My Holy Saturday started out fairly well. I ran a meeting and then I ran a run. I'm managing a very, very cool project that I can't QUITE go public with just yet, but I will soon!
For the run, I decided to go through the Rock Creek parkway. I discovered the parcourse (think parkcour type stuff) and meandered along. I skipped running through the Zoo (which is the shortest way home) and instead took the longer route that resulted in a few oddball turns, running past a "closed to pedestrians" sign. Ultimately, I netted 5.7 miles according to my Misfit Shine app. I don't have an idea of pace, but that's because I don't have a fancy Garmin style watch.
Then I got ready to head out to Holy Cross for Easter Vigil.
I was pretty excited this year. I was supposed to be long gone, as the Interim, but the stars aligned so I got a bonus Easter. And that means...
You might know that last year, the Easter Fire literally fizzled. I got nervous, tweaked the recipe at the last minute, and put it out in the yard too soon, so when I went to town with my cool Oregon survival tool, the sparks shone out brilliantly in the dying twilight for the merest of moments before fizzing out with a tiny scream of doomed hope. I had to light it, last year, with... a lighter.
This year I was determined to succeed! And because my survival tool was all packed away, it meant I had to succeed with nothing but a mini camping flint.
Plus it was windy!
This year, I practiced all week. I fine tuned the recipe. I did the recipe exactly like I should, and at the last moment, just before lighting, I heroically fought down the urge to add STILL MORE flammables at the last instant... (that was what did me in last year).
Two strikes of the flint, and the fire roared into existence! There was applause and not a few people said it was the coolest thing they'd seen.
That's one way to drop the mic on your last day at work.
In "funny DC stories"... I had a great moral victory on the way to work. I had just driven away from home when I remembered that I'd forgotten the parchment paper I'd promised to bring in, so I sped around the block to run and retrieve it. Just two blocks from my place, traffic came to a standstill.
I KNOW, right? WORST THING EVER. It's SATURDAY, people!
As I inched forward, I saw people pulling around this giant SUV parked in the right lane, just sitting here, BLOCKING EVERYTHING.
Me being me, I was mere nanoseconds from leaning on my horn and yelling an encouraging phrase meant to help the offending driver learn to move their vehicle in a more expedient manner, when (thankfully) I noticed it was not one, but several black SUVs. Black Suburbans, specifically. Black Suburbans with some very nice young men standing outside in suits.

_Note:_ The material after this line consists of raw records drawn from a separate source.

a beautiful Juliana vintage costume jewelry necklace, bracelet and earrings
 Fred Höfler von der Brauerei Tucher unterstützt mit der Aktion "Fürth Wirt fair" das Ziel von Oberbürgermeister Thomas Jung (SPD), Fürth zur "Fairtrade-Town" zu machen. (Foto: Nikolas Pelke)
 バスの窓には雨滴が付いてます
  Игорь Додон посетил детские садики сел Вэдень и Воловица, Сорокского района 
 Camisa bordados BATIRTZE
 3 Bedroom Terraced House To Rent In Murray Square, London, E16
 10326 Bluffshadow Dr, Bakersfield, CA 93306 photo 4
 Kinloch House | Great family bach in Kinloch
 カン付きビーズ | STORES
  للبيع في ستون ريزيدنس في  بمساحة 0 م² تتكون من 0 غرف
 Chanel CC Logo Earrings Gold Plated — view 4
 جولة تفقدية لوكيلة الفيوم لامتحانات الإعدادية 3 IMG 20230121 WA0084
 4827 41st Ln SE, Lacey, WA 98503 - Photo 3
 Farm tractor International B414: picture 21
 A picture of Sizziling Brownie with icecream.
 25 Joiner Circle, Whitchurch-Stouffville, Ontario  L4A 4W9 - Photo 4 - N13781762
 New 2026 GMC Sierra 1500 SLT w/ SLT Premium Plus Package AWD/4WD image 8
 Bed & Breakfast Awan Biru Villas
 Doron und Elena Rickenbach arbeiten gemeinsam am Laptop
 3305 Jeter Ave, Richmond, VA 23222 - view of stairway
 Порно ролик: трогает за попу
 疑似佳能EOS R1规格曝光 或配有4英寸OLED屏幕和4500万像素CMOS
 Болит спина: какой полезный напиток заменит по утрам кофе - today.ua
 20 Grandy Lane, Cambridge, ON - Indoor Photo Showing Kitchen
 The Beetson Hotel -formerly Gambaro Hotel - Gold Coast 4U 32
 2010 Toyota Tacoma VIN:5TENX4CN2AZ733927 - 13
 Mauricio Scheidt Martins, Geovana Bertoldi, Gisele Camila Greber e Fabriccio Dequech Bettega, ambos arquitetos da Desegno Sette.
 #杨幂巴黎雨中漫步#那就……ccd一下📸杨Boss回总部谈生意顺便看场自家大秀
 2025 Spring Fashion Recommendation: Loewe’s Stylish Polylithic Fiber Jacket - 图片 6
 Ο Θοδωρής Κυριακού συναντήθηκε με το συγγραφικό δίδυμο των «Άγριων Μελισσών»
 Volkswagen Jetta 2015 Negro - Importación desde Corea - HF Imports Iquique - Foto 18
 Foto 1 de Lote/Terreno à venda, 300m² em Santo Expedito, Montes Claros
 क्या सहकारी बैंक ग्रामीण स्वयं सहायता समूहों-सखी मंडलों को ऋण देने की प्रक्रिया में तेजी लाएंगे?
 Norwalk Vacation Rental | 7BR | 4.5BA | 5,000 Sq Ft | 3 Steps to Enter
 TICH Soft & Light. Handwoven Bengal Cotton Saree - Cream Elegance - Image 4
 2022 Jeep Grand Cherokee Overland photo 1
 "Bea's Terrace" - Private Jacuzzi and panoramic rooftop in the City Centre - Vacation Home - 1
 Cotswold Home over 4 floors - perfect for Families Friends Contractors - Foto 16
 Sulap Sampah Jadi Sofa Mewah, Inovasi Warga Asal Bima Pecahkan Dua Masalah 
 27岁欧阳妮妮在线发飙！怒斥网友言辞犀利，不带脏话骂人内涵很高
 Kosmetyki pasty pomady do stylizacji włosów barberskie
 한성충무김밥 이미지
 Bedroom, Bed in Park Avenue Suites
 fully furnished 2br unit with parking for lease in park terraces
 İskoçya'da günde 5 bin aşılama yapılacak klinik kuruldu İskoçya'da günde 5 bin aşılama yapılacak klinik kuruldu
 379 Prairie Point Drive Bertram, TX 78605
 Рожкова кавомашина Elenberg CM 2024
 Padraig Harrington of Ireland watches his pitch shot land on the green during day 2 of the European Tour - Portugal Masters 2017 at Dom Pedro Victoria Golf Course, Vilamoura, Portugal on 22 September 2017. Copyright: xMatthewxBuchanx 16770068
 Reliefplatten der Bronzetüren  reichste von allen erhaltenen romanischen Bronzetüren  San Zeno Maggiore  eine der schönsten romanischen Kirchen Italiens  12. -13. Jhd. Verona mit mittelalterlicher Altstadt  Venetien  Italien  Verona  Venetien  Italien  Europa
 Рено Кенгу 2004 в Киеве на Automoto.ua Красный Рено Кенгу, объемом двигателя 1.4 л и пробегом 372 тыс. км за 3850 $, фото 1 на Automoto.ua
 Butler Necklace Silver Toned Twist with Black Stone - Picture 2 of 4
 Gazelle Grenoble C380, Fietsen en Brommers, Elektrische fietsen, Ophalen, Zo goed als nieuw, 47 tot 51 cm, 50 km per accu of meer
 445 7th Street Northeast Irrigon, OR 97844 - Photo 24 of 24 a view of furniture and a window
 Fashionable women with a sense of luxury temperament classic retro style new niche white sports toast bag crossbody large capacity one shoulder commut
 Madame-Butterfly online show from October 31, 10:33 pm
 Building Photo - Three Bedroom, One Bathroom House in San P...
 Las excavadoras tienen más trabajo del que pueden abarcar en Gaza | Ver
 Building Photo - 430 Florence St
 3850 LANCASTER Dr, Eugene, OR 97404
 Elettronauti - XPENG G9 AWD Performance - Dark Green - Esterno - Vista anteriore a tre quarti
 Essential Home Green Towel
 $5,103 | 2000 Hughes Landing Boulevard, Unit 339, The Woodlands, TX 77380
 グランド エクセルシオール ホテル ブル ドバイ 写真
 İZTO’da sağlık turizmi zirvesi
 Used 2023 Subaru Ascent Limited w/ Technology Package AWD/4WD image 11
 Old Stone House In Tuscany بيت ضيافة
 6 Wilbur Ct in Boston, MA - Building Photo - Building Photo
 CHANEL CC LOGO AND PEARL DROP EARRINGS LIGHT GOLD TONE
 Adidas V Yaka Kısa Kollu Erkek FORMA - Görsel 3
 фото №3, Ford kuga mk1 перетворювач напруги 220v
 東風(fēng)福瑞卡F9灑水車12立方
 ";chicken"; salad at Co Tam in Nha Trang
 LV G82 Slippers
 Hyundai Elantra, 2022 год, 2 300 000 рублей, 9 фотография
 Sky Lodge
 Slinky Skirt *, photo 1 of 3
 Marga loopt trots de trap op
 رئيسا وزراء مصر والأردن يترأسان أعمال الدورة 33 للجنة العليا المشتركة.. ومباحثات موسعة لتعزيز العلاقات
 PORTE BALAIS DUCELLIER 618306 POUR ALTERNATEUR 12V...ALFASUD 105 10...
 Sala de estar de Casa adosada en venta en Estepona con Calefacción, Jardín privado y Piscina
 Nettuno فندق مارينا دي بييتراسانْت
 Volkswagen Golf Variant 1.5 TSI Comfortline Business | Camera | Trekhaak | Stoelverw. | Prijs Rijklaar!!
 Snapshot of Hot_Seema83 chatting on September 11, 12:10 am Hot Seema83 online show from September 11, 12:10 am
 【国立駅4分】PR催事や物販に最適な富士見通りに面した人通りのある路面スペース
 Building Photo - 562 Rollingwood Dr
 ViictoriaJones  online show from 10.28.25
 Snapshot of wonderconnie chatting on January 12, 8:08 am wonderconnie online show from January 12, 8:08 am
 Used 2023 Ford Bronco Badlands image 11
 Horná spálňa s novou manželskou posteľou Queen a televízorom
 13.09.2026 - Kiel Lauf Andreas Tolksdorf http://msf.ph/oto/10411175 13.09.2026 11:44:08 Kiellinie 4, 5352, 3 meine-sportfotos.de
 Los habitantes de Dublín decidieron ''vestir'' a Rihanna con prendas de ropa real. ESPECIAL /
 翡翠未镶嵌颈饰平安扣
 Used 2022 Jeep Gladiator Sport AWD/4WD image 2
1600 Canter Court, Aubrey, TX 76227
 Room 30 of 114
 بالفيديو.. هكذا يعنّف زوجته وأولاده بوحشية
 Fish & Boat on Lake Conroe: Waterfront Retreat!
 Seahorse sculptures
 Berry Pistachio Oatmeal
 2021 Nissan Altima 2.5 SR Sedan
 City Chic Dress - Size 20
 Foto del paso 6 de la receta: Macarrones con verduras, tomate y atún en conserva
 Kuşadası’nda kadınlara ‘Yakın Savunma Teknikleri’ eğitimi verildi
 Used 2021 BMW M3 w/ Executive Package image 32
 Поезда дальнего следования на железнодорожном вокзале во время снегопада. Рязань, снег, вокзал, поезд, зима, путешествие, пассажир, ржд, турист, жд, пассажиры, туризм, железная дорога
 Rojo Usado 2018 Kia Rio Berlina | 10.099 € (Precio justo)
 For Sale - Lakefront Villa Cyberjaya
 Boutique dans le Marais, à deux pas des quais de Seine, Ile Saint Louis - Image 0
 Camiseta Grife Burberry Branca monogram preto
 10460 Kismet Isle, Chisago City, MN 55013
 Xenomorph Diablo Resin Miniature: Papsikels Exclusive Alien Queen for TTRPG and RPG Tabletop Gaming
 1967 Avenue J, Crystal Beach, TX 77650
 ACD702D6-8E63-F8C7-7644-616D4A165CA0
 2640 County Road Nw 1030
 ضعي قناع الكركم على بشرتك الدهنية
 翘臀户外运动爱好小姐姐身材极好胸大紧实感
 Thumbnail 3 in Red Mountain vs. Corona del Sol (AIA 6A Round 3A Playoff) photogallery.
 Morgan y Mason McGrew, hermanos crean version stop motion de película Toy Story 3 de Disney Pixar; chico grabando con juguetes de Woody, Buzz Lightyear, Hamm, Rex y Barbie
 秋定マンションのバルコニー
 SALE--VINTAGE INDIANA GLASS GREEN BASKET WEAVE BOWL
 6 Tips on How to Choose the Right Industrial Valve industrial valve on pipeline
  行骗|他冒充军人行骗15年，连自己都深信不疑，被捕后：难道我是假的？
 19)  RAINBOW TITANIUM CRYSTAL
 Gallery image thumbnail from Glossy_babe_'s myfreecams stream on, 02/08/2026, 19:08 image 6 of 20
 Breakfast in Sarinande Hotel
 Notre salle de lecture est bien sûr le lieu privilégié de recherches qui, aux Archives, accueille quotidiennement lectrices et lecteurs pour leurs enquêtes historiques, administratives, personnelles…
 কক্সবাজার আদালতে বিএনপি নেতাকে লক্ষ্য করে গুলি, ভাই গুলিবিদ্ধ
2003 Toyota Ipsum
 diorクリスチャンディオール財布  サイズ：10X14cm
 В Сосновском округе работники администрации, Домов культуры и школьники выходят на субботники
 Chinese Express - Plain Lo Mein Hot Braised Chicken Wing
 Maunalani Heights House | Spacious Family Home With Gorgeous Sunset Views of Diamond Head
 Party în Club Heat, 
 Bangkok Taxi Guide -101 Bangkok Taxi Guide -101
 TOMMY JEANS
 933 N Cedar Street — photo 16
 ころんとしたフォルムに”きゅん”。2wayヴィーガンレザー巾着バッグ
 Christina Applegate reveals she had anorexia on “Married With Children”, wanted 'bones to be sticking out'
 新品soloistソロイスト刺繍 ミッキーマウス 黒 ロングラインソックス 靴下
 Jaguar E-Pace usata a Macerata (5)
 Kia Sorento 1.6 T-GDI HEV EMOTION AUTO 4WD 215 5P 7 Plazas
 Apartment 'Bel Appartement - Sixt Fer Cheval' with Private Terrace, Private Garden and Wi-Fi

That's right. That would be the Secret Service. Apparently, Michelle Obama likes to get her workout on at a particular studio, and sometimes goes to the gym in my neighborhood. All the tourists were out to see her come out from her workout, and yes, the Secret Service does rather block traffic in their Suburbans when the Obamas are up here in NW.
SO, at the end of the day, I DID **NOT** HONK AND YELL at the Secret Service. That probably would have been bad. I got around them and noodled away to get to back to my apartment, where I ran upstairs at warp speed, grabbed the forgotten parchment paper, and ran outside at even faster warp speed to jump into my car and speed off BEFORE Michelle Obama came out of her workout and shut down Wisconsin again by driving home to her house.
I beat the Motorcade! And I didn't CUSS at the Motorcade.
I'm freakin' heroic, that's what I am. Boom.